Friday, April 9, 2010

Even This City Can Overcome Death

I came across this simple poem by Howard Nemerov, which provokes me again to dream. Even though he speaks a vision of Easter life to the suburbs, I imagine it speaking to the whole city, our city—the entire area of Greater Nashville. I hear in the announcement of this glorious season of our Lord’s resurrection that “even this city can overcome death…even here, death will be vanquished again…and certainly not by our own doing.” May this season be one where our God moves us outside of ourselves, so that we might be used by Him to restore life in all of its forms, right here, even here, in our city.

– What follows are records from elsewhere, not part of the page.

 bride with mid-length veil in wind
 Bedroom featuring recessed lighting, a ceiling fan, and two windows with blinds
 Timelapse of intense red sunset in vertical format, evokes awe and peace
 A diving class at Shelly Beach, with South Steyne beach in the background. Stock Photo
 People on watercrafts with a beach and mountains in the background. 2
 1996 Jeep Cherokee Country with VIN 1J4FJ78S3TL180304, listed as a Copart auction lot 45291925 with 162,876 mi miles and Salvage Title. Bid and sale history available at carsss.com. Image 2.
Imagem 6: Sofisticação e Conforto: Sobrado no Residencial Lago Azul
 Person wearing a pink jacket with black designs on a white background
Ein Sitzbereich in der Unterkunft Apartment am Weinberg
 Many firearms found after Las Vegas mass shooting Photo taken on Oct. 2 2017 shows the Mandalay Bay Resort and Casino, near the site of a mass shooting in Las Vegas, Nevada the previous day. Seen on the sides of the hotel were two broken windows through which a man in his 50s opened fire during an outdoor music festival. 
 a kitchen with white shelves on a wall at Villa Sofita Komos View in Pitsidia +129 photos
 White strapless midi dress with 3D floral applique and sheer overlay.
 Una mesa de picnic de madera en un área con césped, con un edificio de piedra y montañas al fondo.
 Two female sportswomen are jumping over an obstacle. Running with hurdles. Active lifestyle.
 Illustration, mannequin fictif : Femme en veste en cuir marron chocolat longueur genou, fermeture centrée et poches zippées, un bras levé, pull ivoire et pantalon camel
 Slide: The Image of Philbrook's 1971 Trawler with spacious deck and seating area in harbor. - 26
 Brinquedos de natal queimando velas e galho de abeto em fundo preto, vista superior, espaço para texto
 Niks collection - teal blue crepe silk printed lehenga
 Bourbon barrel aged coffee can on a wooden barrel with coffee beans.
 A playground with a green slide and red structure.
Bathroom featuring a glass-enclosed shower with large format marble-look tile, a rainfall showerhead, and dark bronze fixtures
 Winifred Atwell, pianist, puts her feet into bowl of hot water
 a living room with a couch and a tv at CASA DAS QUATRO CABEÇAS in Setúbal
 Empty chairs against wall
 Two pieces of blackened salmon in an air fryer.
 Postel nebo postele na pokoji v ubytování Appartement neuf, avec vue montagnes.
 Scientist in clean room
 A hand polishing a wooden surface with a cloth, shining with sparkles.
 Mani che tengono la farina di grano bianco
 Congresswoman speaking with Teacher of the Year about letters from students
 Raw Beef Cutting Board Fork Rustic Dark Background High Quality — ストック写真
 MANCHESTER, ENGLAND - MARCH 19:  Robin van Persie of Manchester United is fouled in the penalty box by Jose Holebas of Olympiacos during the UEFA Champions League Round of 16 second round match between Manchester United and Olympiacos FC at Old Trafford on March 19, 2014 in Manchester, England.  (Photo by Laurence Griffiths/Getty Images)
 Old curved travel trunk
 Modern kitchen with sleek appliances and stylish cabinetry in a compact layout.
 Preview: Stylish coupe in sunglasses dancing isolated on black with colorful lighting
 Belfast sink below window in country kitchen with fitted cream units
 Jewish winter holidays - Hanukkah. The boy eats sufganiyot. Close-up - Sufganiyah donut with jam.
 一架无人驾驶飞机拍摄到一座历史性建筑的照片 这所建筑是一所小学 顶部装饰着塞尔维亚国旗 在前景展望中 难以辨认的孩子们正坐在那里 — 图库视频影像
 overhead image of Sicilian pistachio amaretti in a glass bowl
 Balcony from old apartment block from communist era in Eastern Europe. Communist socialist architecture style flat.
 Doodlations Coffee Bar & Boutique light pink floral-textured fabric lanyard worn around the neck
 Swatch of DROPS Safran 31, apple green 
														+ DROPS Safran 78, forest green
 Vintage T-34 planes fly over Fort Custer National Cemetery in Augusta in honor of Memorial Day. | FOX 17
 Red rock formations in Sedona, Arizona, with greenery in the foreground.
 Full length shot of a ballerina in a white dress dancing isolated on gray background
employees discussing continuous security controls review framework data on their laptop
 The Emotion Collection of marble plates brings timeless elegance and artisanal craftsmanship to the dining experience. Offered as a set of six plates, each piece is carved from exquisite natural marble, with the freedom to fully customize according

Enjoy the poem and Happy Easter!

Easter, by Howard Nemerov

Even this suburb has overcome death.
Overnight, by a slow explosion, or
A rapid burning, it begins again
Bravely disturbing the brown ground
With grass and even more elaborate
Unnecessaries such as daffodils
And tulips, till the whole sordid block
Of houses turned so inward on themselves,
So keeping of a winter's secret sleep,
Looks like a lady's hat, improbably
Nodding with life, with blue jays hooting
And pigeons caracoling up among
The serious chimney pots, and pairs
Of small birds speeding behind the hedges
Readying to conceal them soon. Here,
Even here, Death has been vanquished again,
What was a bramble of green barbed wire
Becomes forsythia, as the long war
Begins again, not by our doing or desiring.

1 comment:

Kay said...

I love this, Dean. Thank you! Your Easter sermon on resurrection is still stuck in my mind - especially when a bird nearly flew under the wheels of my car! All around me this week the earth cried out "resurrection!"